Taking pairs of points, we can write
$P_2 - P_1 = R (t_2 p_2 - t_1 p_1) \hspace{10pt}(2)$
$P_3 - P_1 = R (t_3 p_3 - t_1 p_1) \hspace{10pt}(3)$
$P_3 - P_2 = R (t_3 p_3 - t_2 p_2) \hspace{10pt}(4)$
The left hand sides are known vectors, and the right hand contains the unknowns $t_1, t_2, t_3$ and the rotation matrix $R$. Since $R$ is a rotation matrix, it does not affect the length; therefore, we can write
$\| P_2 - P_1 \|^2 = d_{12}^2 = (t_2 p_2 - t_1 p_1)^T (t_2 p_2 - t_1 p_1)\hspace{10pt}(5) $
$\| P_3 - P_1 \|^2 = d_{13}^2 = (t_3 p_3 - t_1 p_1)^T (t_3 p_3 - t_1 p_1) \hspace{10pt}(6)$
$\| P_3 - P_2 \|^2 = d_{23}^2 = (t_3 p_3 - t_2 p_2)^T (t_3 p_3 - t_2 p_2) \hspace{10pt}(7)$
And these are three quadratic equations in $t_1, t_2, t_3$, which can be solved numerically for $t_1, t_2, t_3$.

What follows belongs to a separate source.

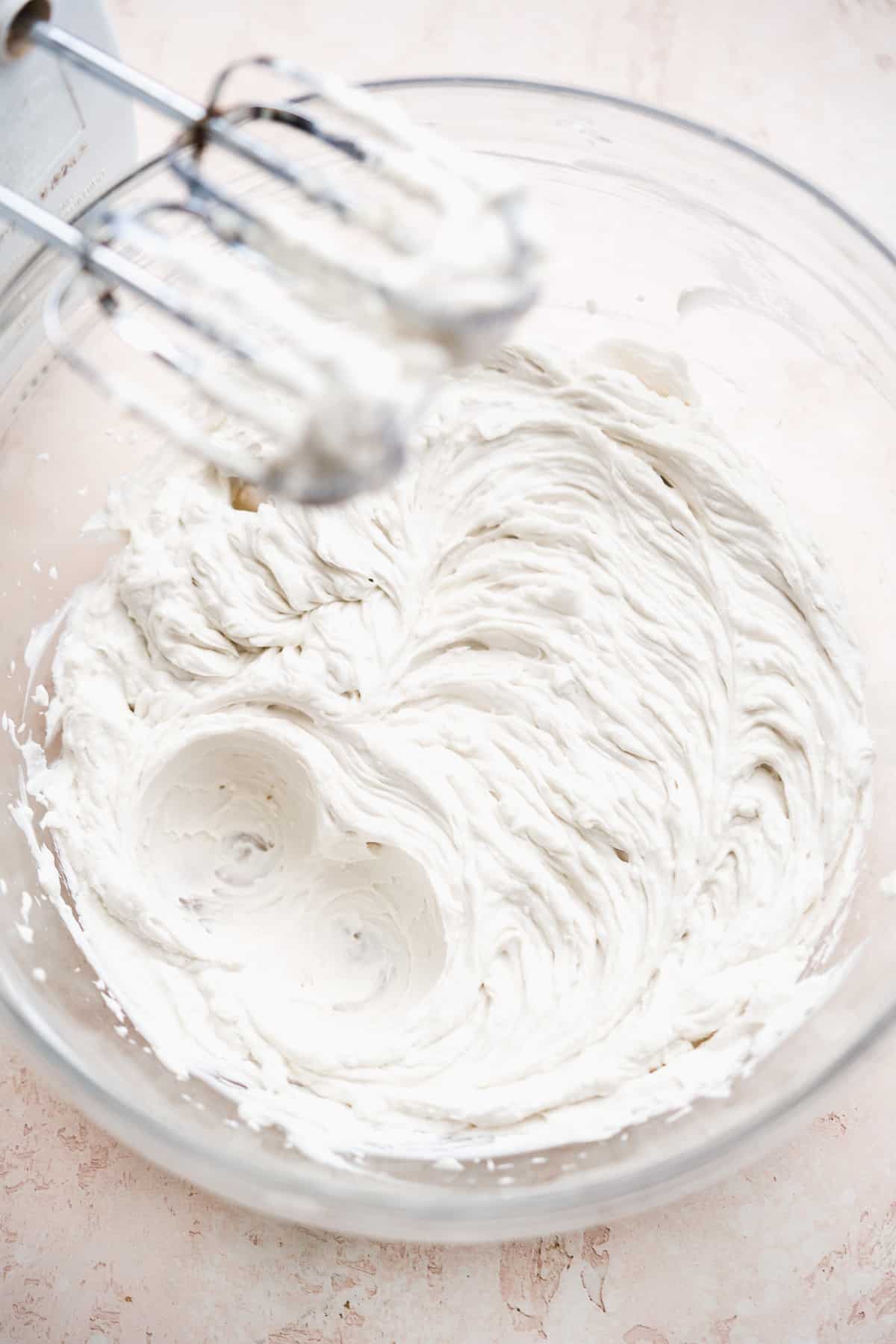 Bowl full of whipped coconut cream with hand mixer.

Plugging these values of $t_1, t_2, t_3$ in equations $(2),(3)$, they become
$ V_1 = P_2 - P_1 = R W_1 \hspace{10pt}(8) \hspace{15pt} \text{where} \hspace{5pt} W_1 = t_2 p_2 - t_1 p_1 $
And similarly
$V_2 = P_3 - P_1 = R W_2 \hspace{10pt}(9) \hspace{15pt} \text{where} \hspace{5pt} W_2 = t_3 p_3 - t_1 p_1 $
Since $R$ is a rotation matrix, then it follows that
$ V_1 \times V_2 = R ( W_1 \times W_2 ) \hspace{10pt}(10)$
Equations $(8), (9), (10) $ can be solved for $R$.
Finally, from equation $(1)$,
$P_1 = r_0 + t_1 R p_1 $
Substituting $t_1$ and $R$ , we can directly solve for $r_0$.
And this is how I found the position $r_0$ and the orientation $R$ of the camera.